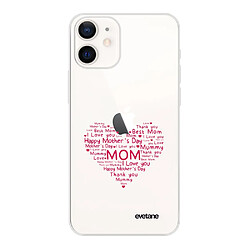 Coque iPhone 12 mini souple transparente FDM Coeur Motif Ecriture Tendance Evetane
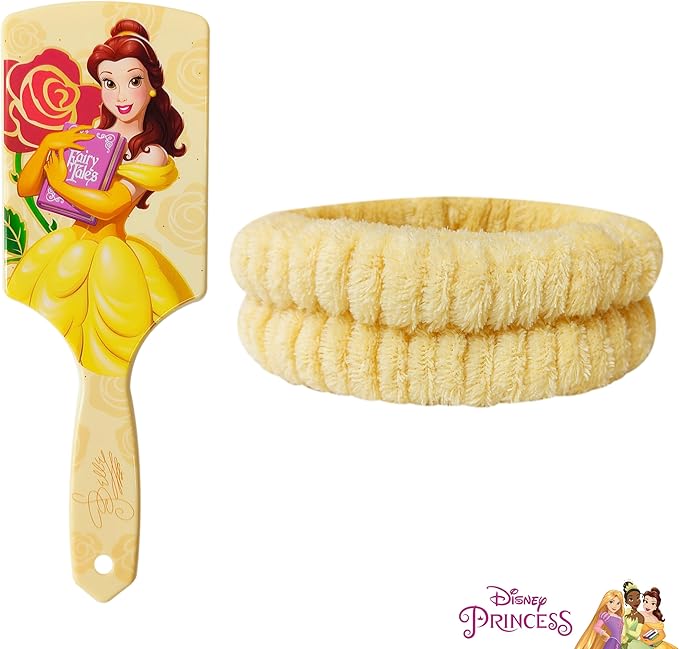 LUV HER Kids Hair Brush & Spa Headband Set for Girls - Features Disney Bella from Beauty & Beast - Fun Grooming Kit for Detangling, Styling & Skincare - Soft & Stretchy One Size, Ages 3+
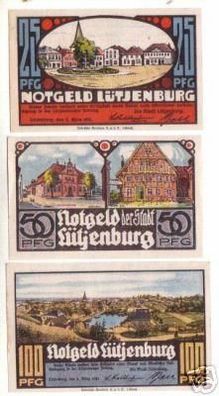 3 Banknoten Notgeld Stadt Lütjenburg 1921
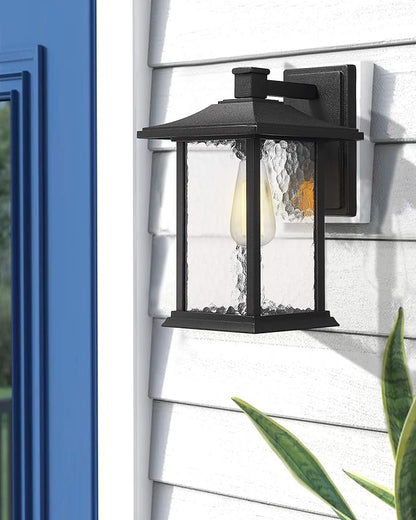 Beionxii Outdoor Light Fixture, 14 inch Dusk to Dawn Exterior Wall Mount Lantern Outside Lights for House Patio, Black Cast Aluminum w/Water Glass - A272W-1PK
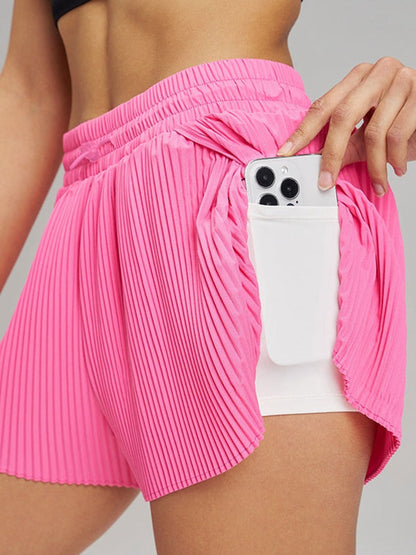 BUYCO Female Pleated Pocket Quick Dry 2 in 1 Tennis Shorts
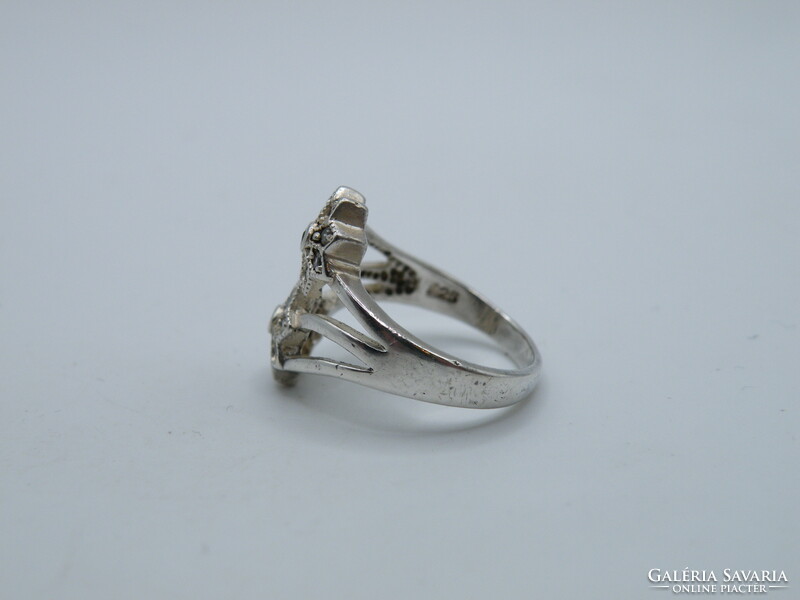 UK0320 Virág formájú ezüst 925 gyűrű méret 54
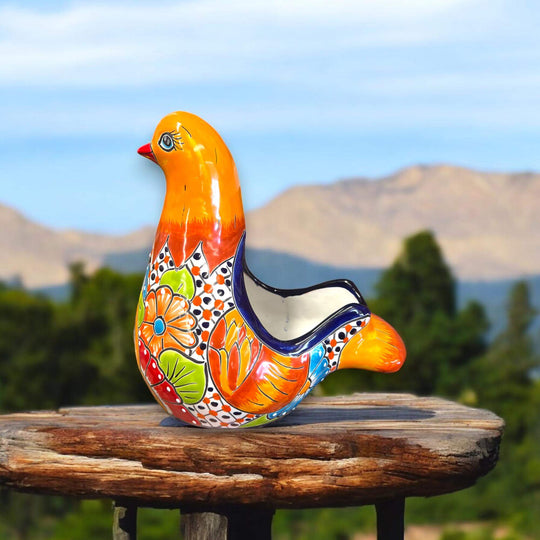 Talavera Dove Planter | Handcrafted Mexican Ceramic Bird Statue - hand-painted orange Talavera dove planter with floral motifs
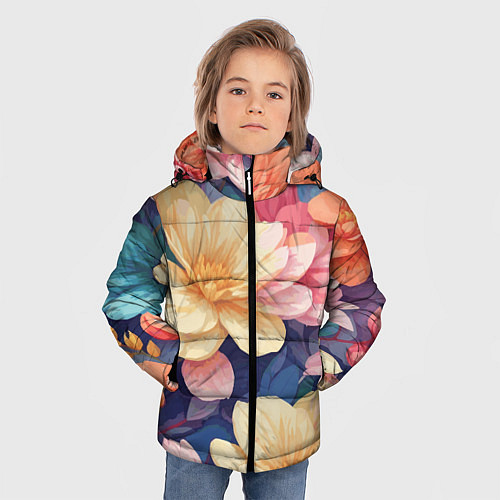 Зимняя куртка для мальчика Водянная лилия лотосы кувшинки / 3D-Светло-серый – фото 3
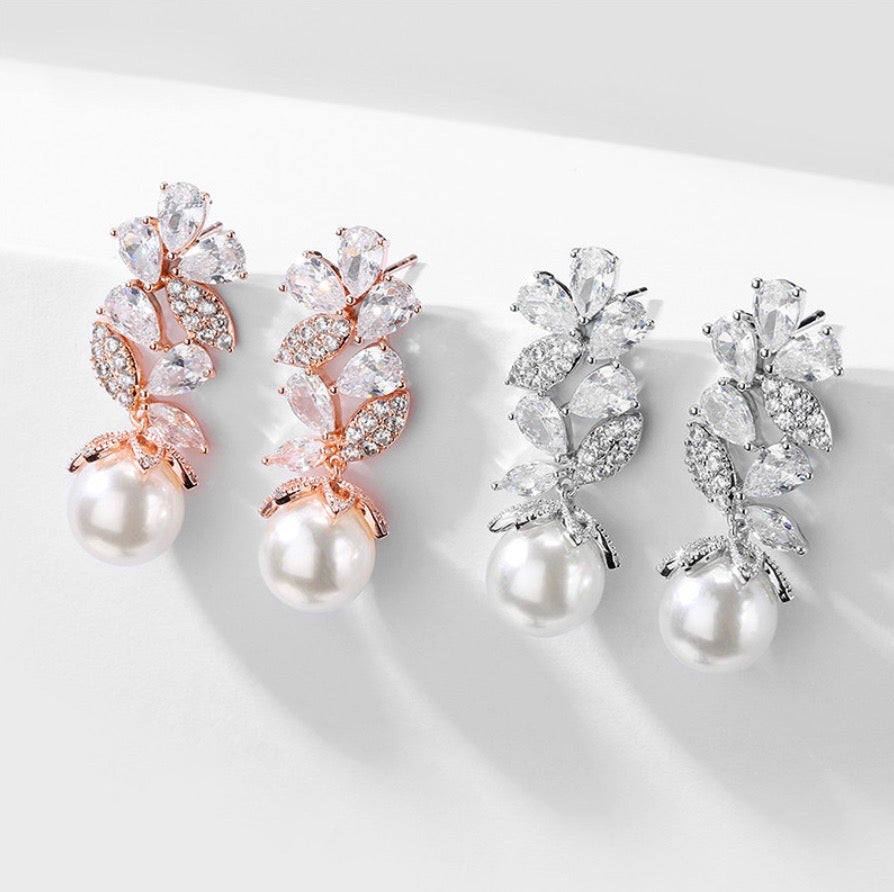 Almera - Pearl and Cubic Zirconia Bridal Earrings - Available in Rose Gold and Silver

ACTION ITEM:
Copy the lines above exactly, starting at the one with "Beionxii Outdoor Light" and ending at the one with "UK0320 Virág formájú", both included. Leave out any pictures and add nothing else.

OUTPUT BELOW:
 Beionxii Outdoor Light Fixture, 14 inch Dusk to Dawn Exterior Wall Mount Lantern Outside Lights for House Patio, Black Cast Aluminum w/Water Glass - A272W-1PK
 BUYCO Female Pleated Pocket Quick Dry 2 in 1 Tennis Shorts
 UK0320 Virág formájú ezüst 925 gyűrű méret 54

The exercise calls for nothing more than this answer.